The Wemba-Wemba are an Aboriginal Australian people in north-Western Victoria and south-western New South Wales, Australia, including in the Mallee and the Riverina regions. They are also known as the Wamba-Wamba.

==Language==

Wemba-Wemba bears strong similarities to Woiwurrung. When Moravian missionaries came and started to learn a language in Wemba Wemba territory, at Archibald Macarthur Camppbell's Gannawarra station, they quickly noted that the Aboriginal people, perceiving they were understood, slipped into using another language, not willing to allow this "cultural conquest" to enable the white men to learn of matters they wished to keep secret from outsiders. (Note: Jensz notes the paradox that, conversely, at the Ebenezer Mission, pastors resorted to German to stop their converts, fluent in English, from understanding them when they were discussing certain issues. (Jensz 2010))

==Country==
Before European settlement in the nineteenth century, the Wemba-Wemba occupied the area around the Loddon River, reaching northwards from Kerang, Victoria to Swan Hill, and including the area of the Avoca River, southwards towards Quambatook. In a northeasterly direction, their territory ran up, over the New South Wales-Victorian border to Booroorban and Moulamein, and extended to the vicinity of Barham. Lake Boga and Boora in Victoria also fell within their domain. The overall extension of their territory has been calculated by Norman Tindale to be roughly 3,200 mi2.

==Social structure==
The Wembawemba were registered as consisting of five hordes. Stone lists these hordes, residing around Towaninny, Meelool Station (with a name indicating they were thought to be quarrelsome), Lake Boga, Gonn on the Murray River (called the Dietjenbaluk ("always on the move"), and Bael Bael.

==Contact history==
The explorer Thomas Mitchell was the first white man to cross Wembawemba territory, in 1836.

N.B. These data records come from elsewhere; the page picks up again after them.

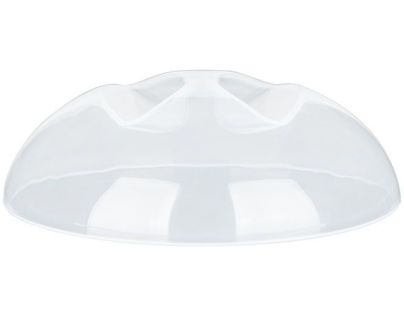 KikkaBoo Ohřívačka 3v1 Warmy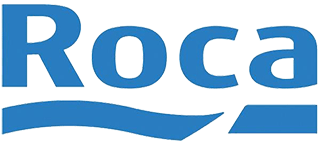 تعمیر پکیج روکا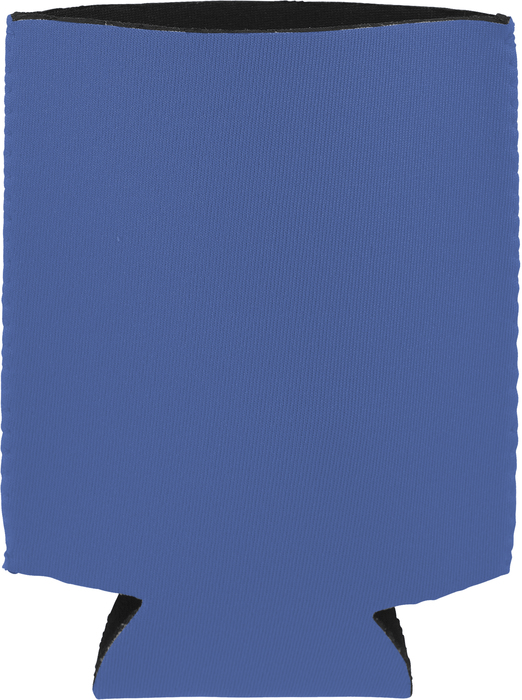 Bar Funda de neopreno2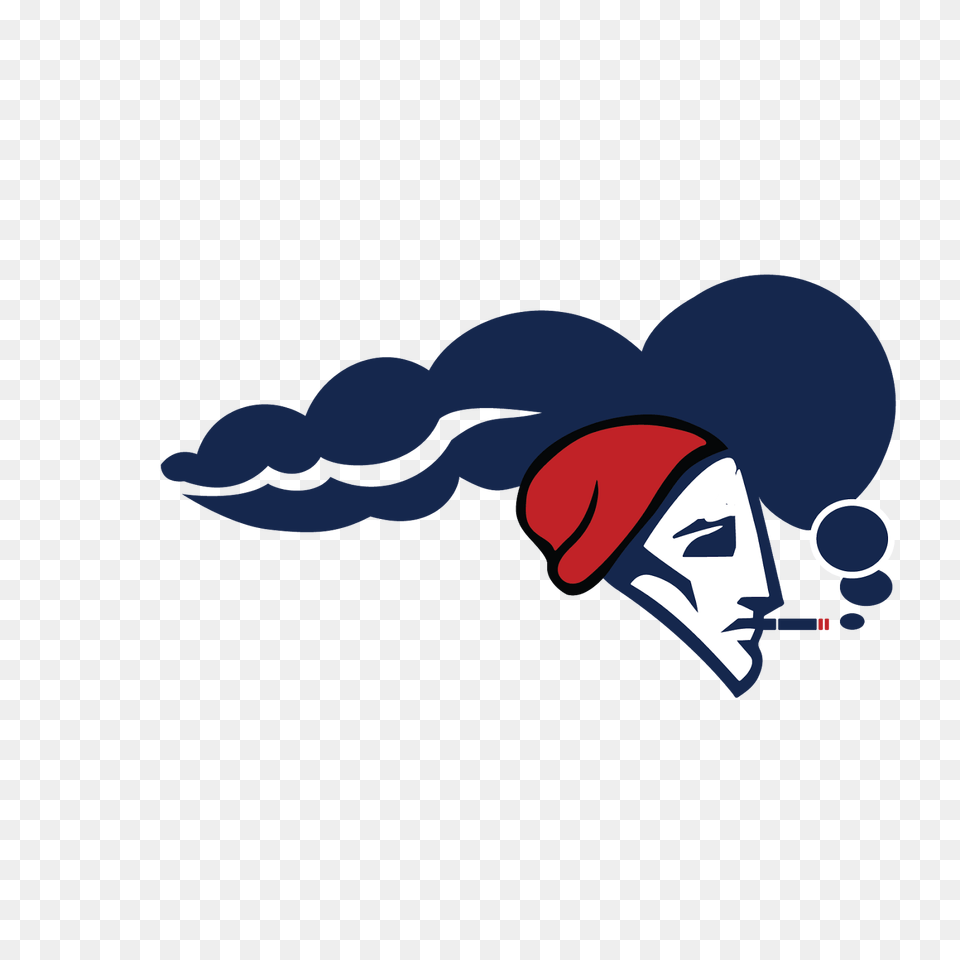 New England Patriots Clipart Full Size Clipart New England Patriots Sign, Face, Head, Person, Cartoon Free Png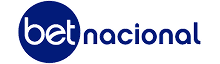 Betnacional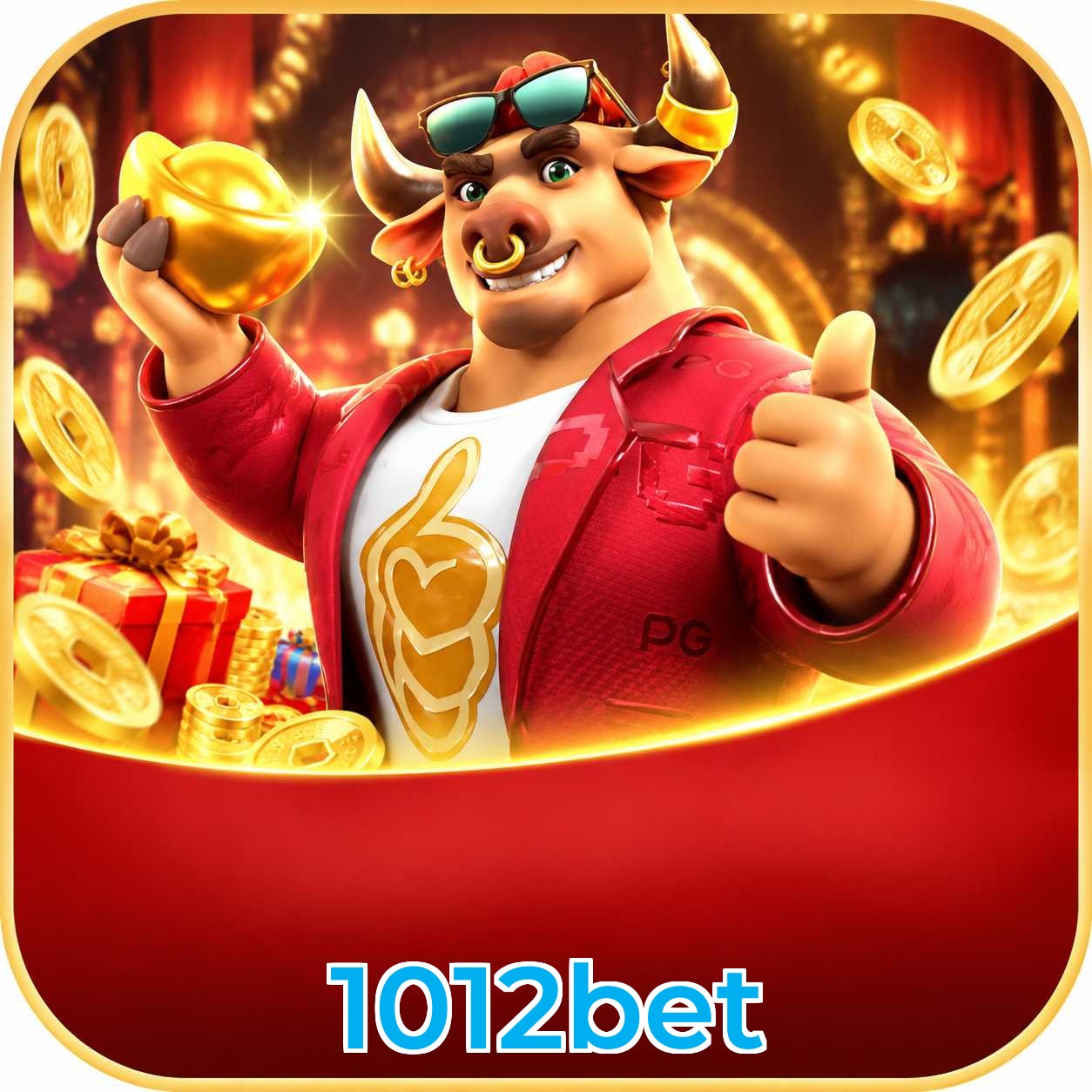 1012bet Lottery FAQ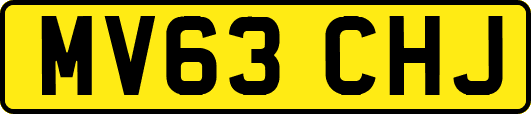MV63CHJ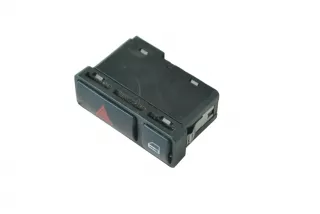 8368920 , art9715069 Кнопка аварийной сигнализации BMW 3 E46 Арт 9715069, вид 2
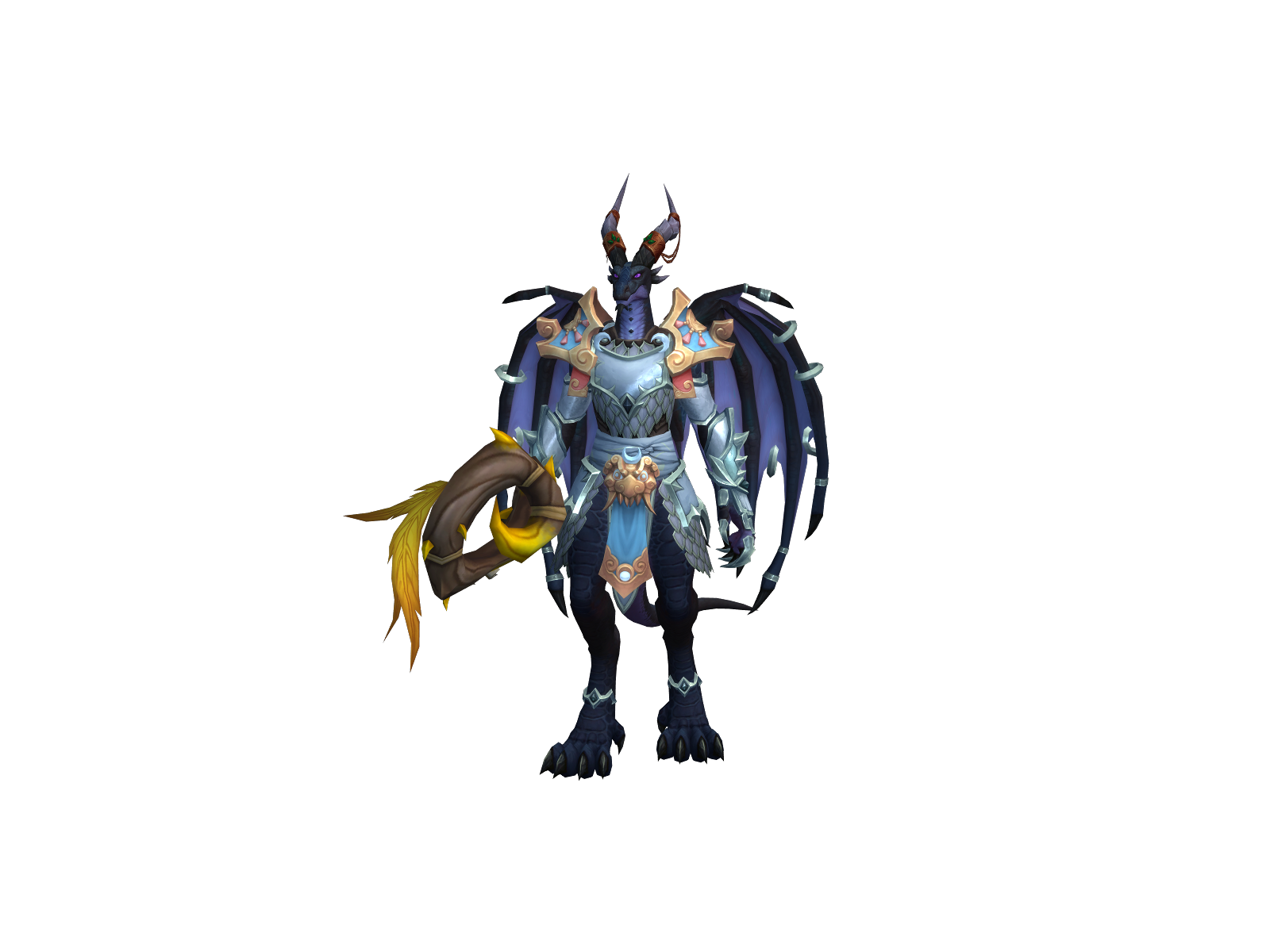 Astralavk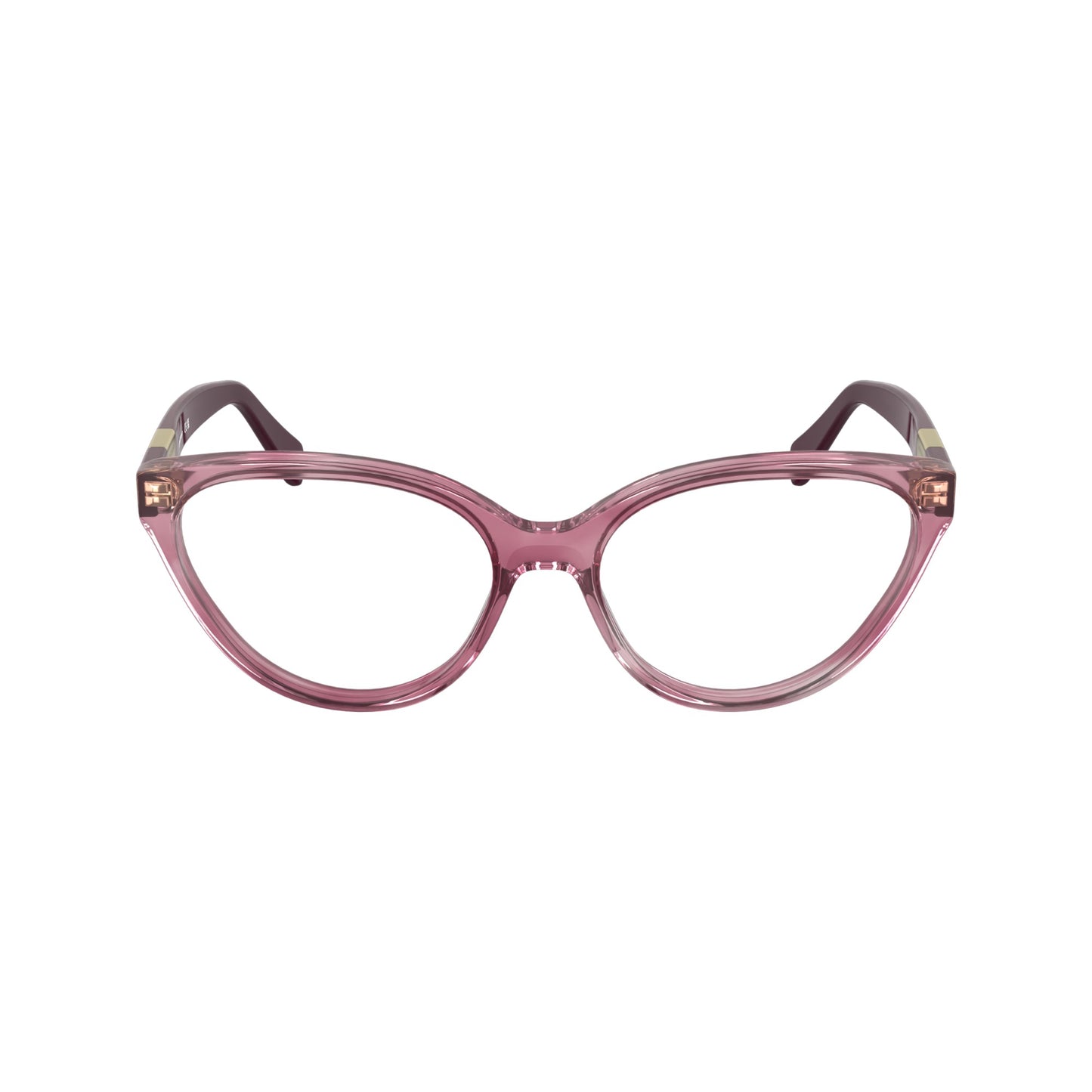 Longchamp LO2764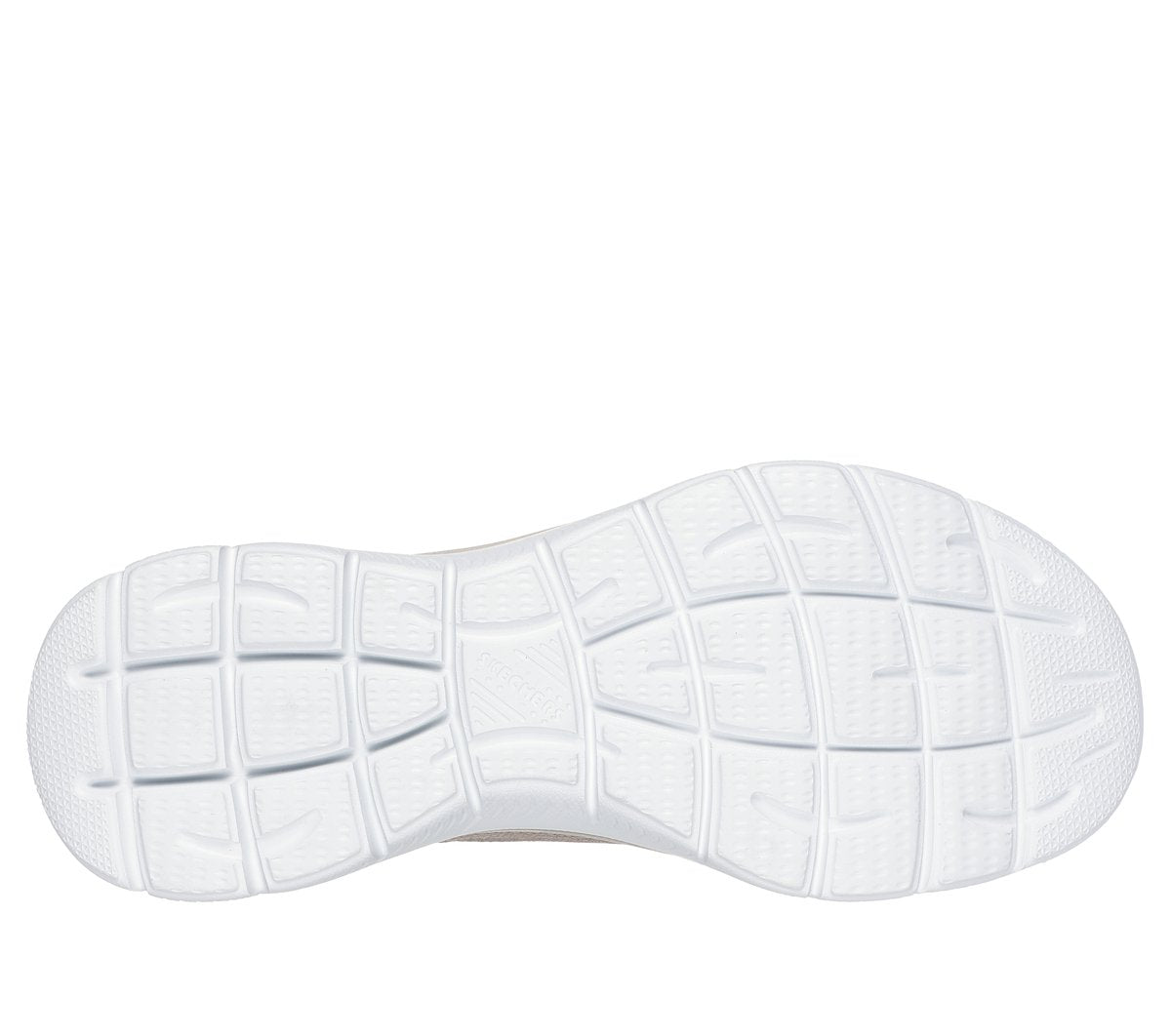 Skechers Slip-ins: Summits - New Daily | Skechers sale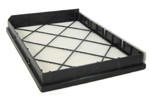 Raitisilmasuodatin ALCO FILTER MS-6122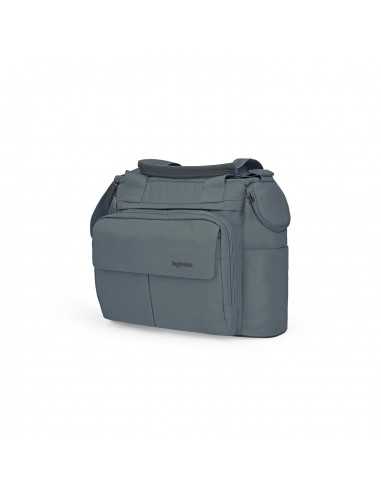 Comprar Bolso Organizador Dual Electa Bag de Inglesina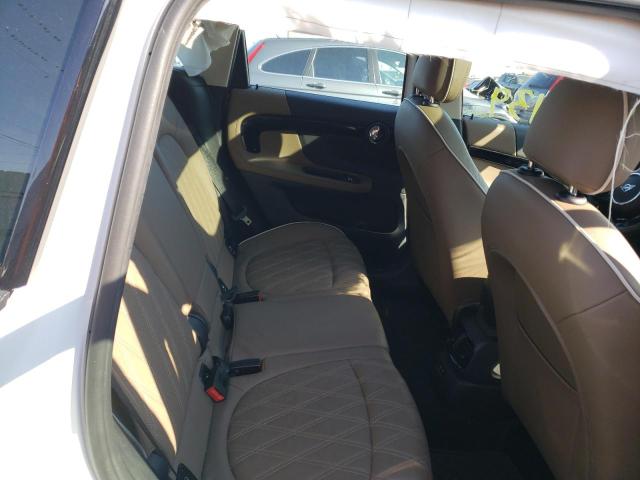 Photo 10 from auction – 2020 MINI COOPER S C with VIN WMZYX1C04L3L96825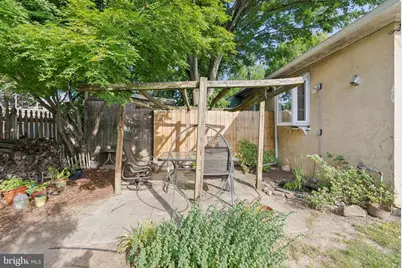 710 Puritan Street, Baltimore, MD 21211 - Photo 43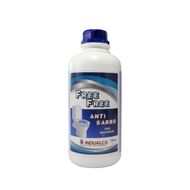 Antisarro Indualca Limpiador Profundo 1 Litro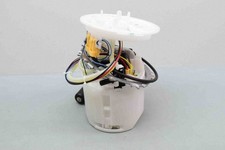 BMW 4 G22 G23 G24 G26 2022 Kraftstoffpumpe im Tank 7473444 Benzin 190kW ONT43209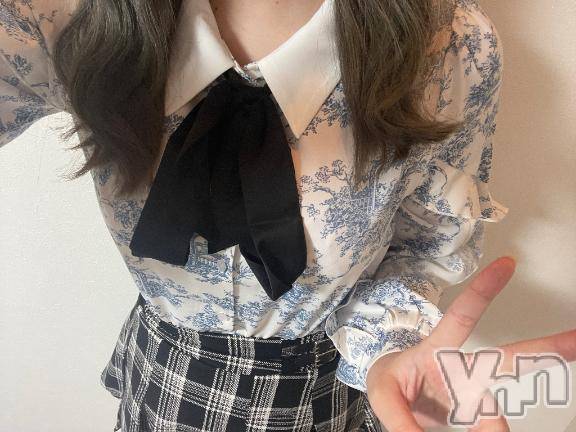 甲府ソープBARUBORA(バルボラ)あめ(21)の2026年9月26日写メブログ「お礼💙」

===Attempt to evangelize the Wembawemba===
The Wembas-Wemba's religio-cultural worldview was centered on a dreaming, which they called yemurraki.

Two German Moravian missionaries, Reverend A.F.C. Täger and Reverend F.W. Spieseke, convinced that the Wembawemba, whom they called culli, were "the most wretched and bleakest (people), who live on God's earth", established Lake Boga mission in 1851. The mission closed in 1856 due to lack of converts, disputes with local authorities and hostilities from local landholders. The Moravian Church established a subsequent mission site in Wergaia territory near Lake Hindmarsh in 1856 (see Ebenezer Mission).